Mi liege lord, this wolde I rede:
The Erthe it is, which evermo
With mannes labour is bego;
As wel in wynter as in Maii
The mannes hond doth what he mai
To helpe it forth and make it riche,
And forthi men it delve and dyche
And eren it with strengthe of plowh,
Wher it hath of himself ynowh,
So that his nede is ate leste.
For every man and bridd and beste,
And flour and gras and rote and rinde,
And every thynge be weie of kinde
Schal sterve, and Erthe it schal become,
As it was out of Erthe nome,
It schal to therth torne ayein:
And thus I mai be resoun sein
That Erthe is the most nedeles,
And most men helpe it natheles. (Gower 124)
The passage is contained within an exemplum contra superbiam, a moral tale against the sin of pride. Its description of the earth as no-man’s land—which Gower glosses with terra nullius—is a way of figuring the vanity of all human projects. The earth belongs to no one because everyone belongs to it as a future corpse. But this striking poetic instance was not a source for nineteenth-century legal arguments. When the phrase reappeared at the end of the nineteenth century it had undergone an ironic and total reversal of meaning.
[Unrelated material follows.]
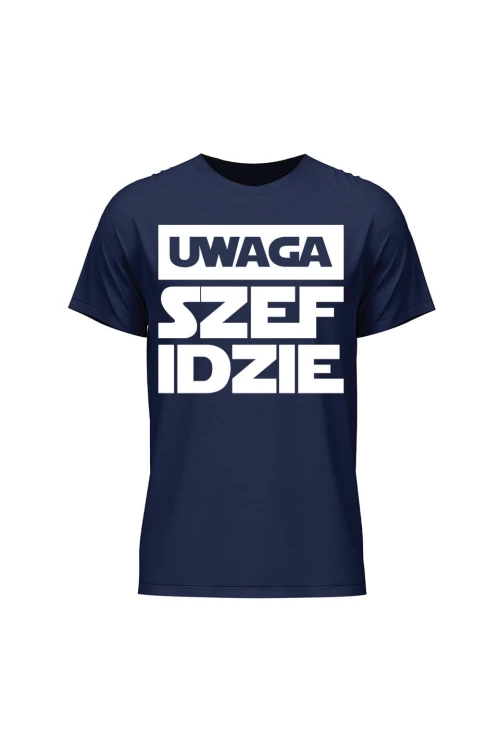 Koszulka męska Uwaga szef idzie - granatowa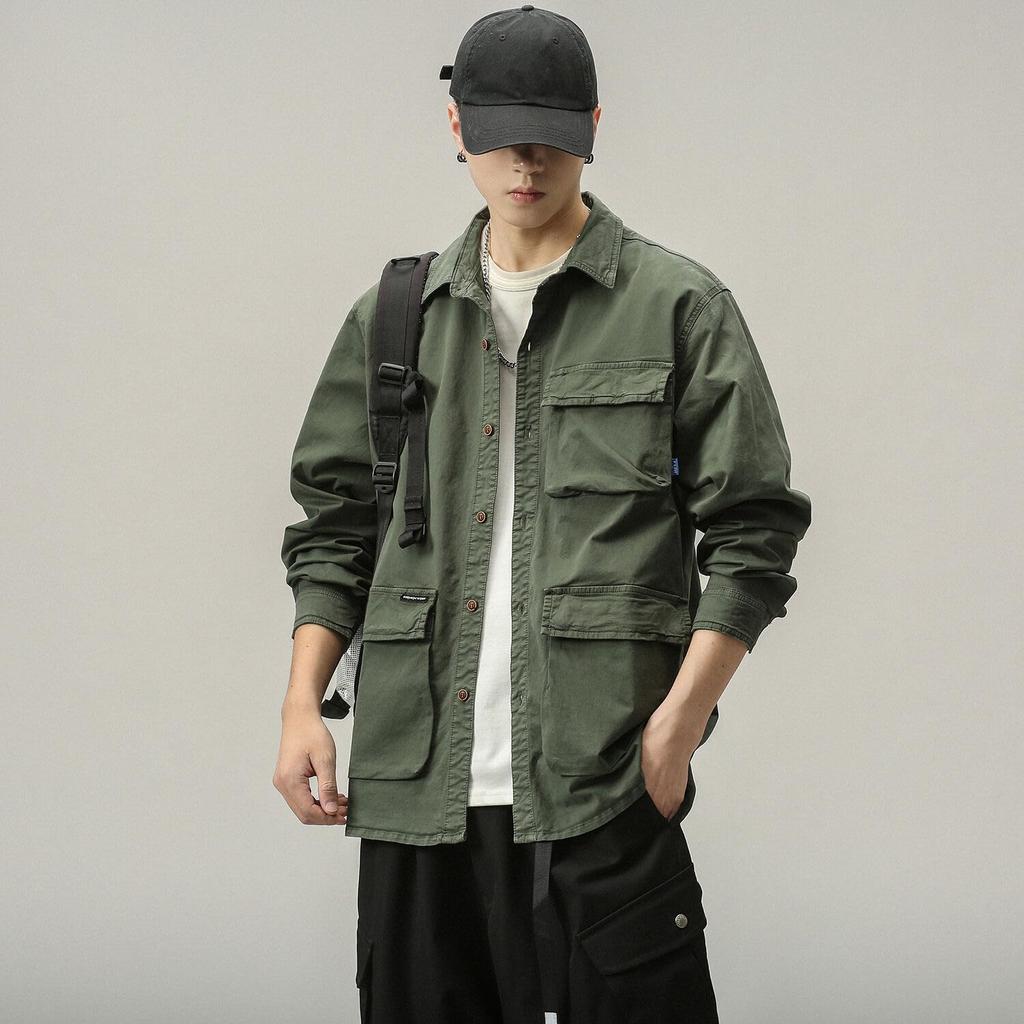 [FJSSLHXK] Men's Work Shirt, Long Sleeve, Cotton, Cargo Shirt, Military Style, Multi-Pocket, Army, Button Closure, Fold-over Collar, Loose Fit, Autumn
For Gower, terra nullius names the inability of labour to transform earth into an enduring value. In modernity, terra nullius is premised on the opposite belief: that agriculture underpins stable property relations, and so that territories not subject to settled agriculture belong to no one, even the people who have occupied them ancestrally and immemorially.
 22 Geo III, 1787.
 The letter of the 24th is a somewhat shortened copy of the letter of the 23rd: presumably Macquarie asked Field to provide a condensed version of his reasoning for transmission to London.
 For the legal and historical backgrounds to these cases from 1722 and 1774, see Cavanagh, who provides a longer colonial itinerary for the construction of the legal precedents and principles applied by Field.
 And here Blackstone cites the 1722 case also referenced by Field in his letters, closing the circuit of authorities invoked by Field and by Shepherd and Gifford. Given how thoroughly Field knew Blackstone’s text—he was the author of a best-selling study guide to the Commentaries—his citation of the 1722 Yorke and Wearge judgement is unquestionably also a reference to this passage in Blackstone. (No doubt it was in Blackstone that he first learned of the 1722 precedent.) Shepherd and Gifford’s clear verbal echo of Blackstone (‘desert and uninhabited’ / ‘desart and uncultivated’) indicates that they recognised this double reference and followed the path charted by Field’s silent citation.
 Even the Mabo case fits the paradigm in certain respects. As Ritter has noted, the Mabo judgement resolved ‘a crisis of legitimacy for the rule of law in Australia’ (6). Resolving the crisis in question required a renegotiation between Australia’s international sovereign obligations (its commitment to international principles of anti-discrimination) and its internal framework of governance. The outcome of that renegotiation was justified by a narrative of progressive liberalisation. And it was widely seen as a significant reaffirmation of the fundamental commitment in Australia to the rule of law. Nonetheless, in recognizing native title the High Court equally ruled that it had been extinguished across all the main populated regions of Australia. Nor could the Court consider the extent to which its own powers were implicated in the history of Aboriginal dispossession: such questions were deemed injusticiable. And in this sense, as Gary Foley commented at the time, ‘Mabo is the terra nullius of these days’ (435).